-- Opening Marker --

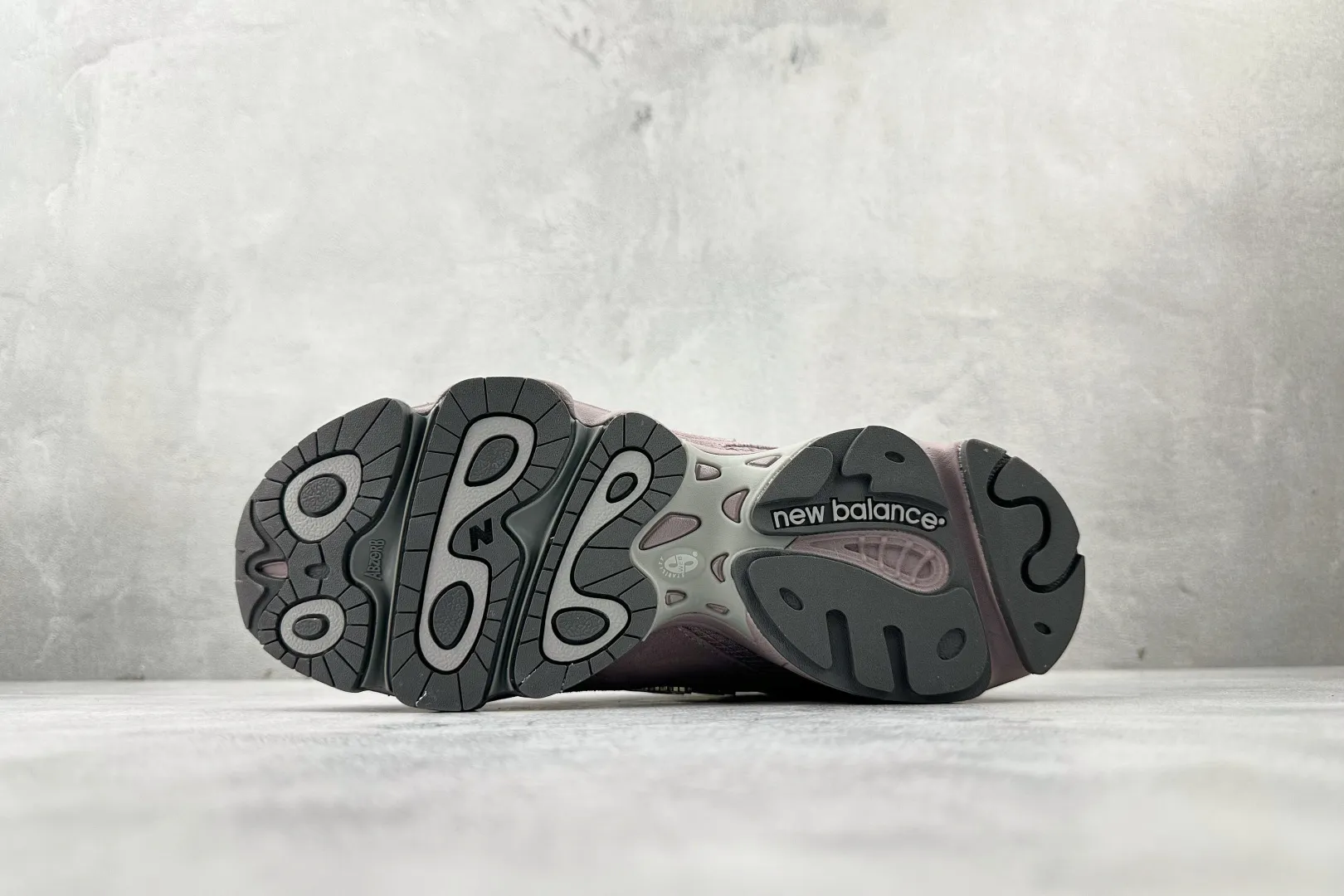 💰220 C版纯原大厂出品 New Balance NB 1000 白紫 货号:M1000PSY 尺码:36 36.5 37.5 38 38.5 39 40 40.5 41 42 42.5 43 44 44.5 45 46 46.5 编码:33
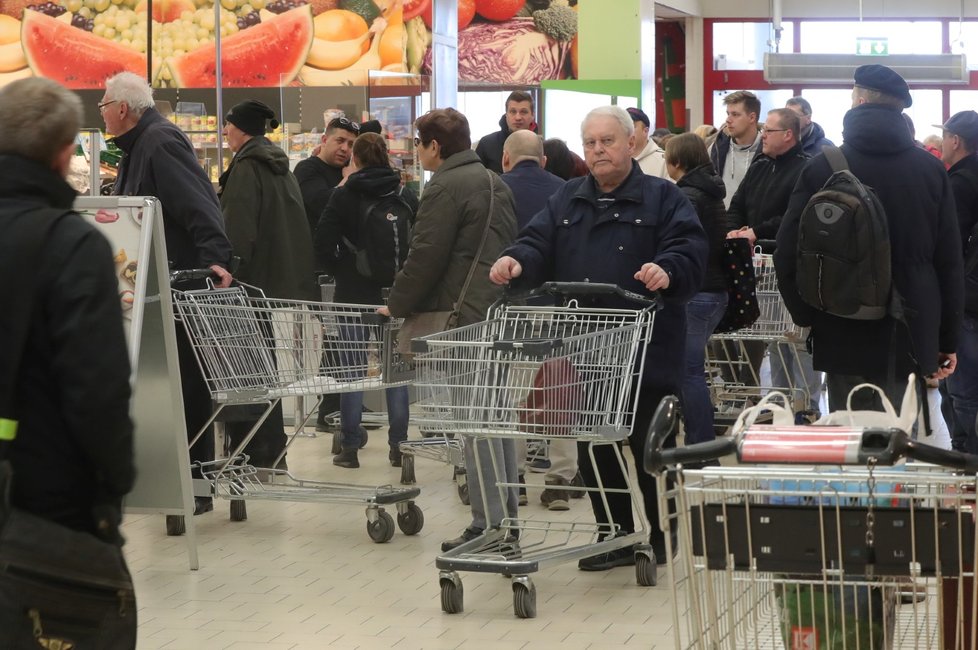 Lidé čekali ve frontě v Kauflandu na Praze 7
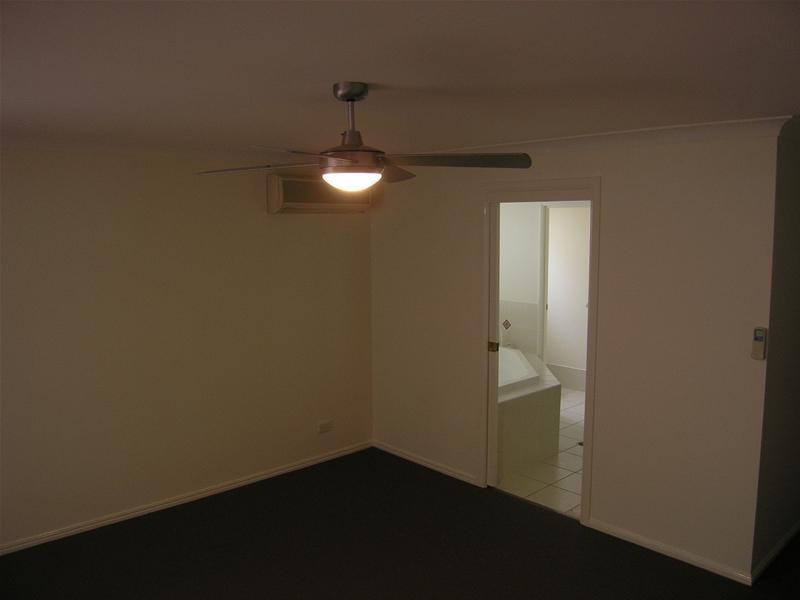 60 Ophelia Crescent, Eatons Hill QLD 4037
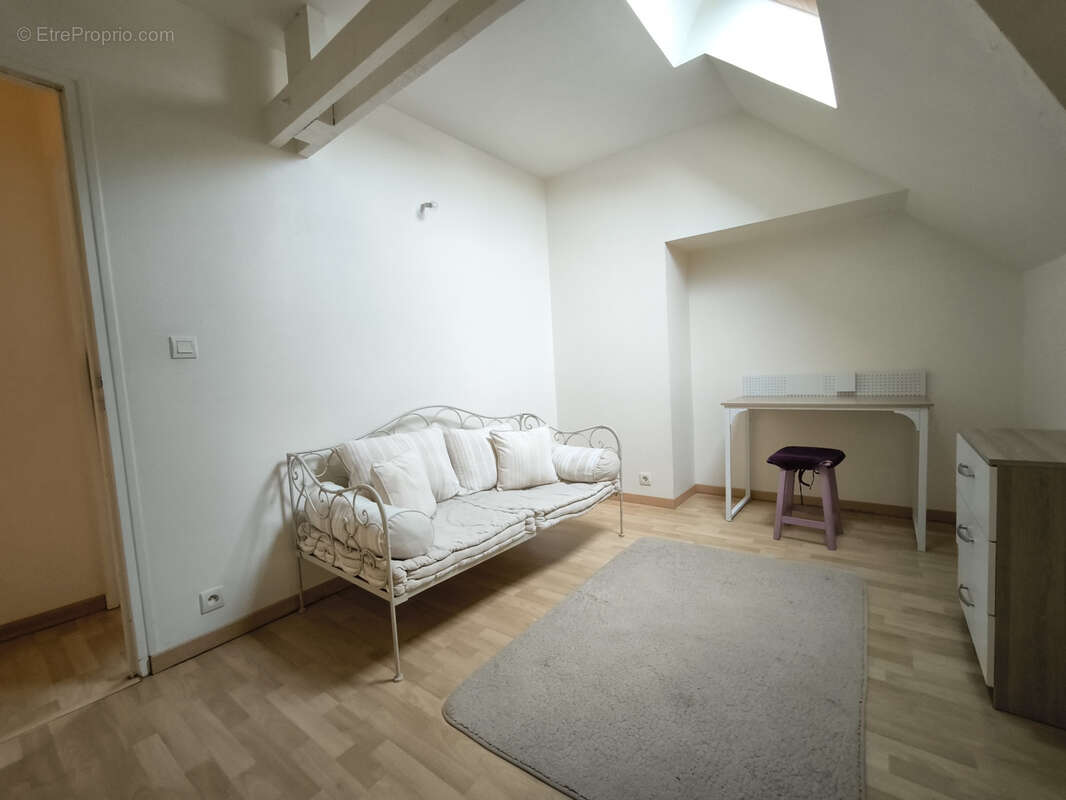 Maison à SAINT-GUINOUX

-- Closing Marker --

• [To do]: Your task is to restate word for word the lines from the one containing "60 Ophelia Crescent, Eatons Hill QLD 4037" through the last line of the data, both ends included, with no pictures.

• [Result for this exercise]:
 60 Ophelia Crescent, Eatons Hill QLD 4037
 Maison à SAINT-GUINOUX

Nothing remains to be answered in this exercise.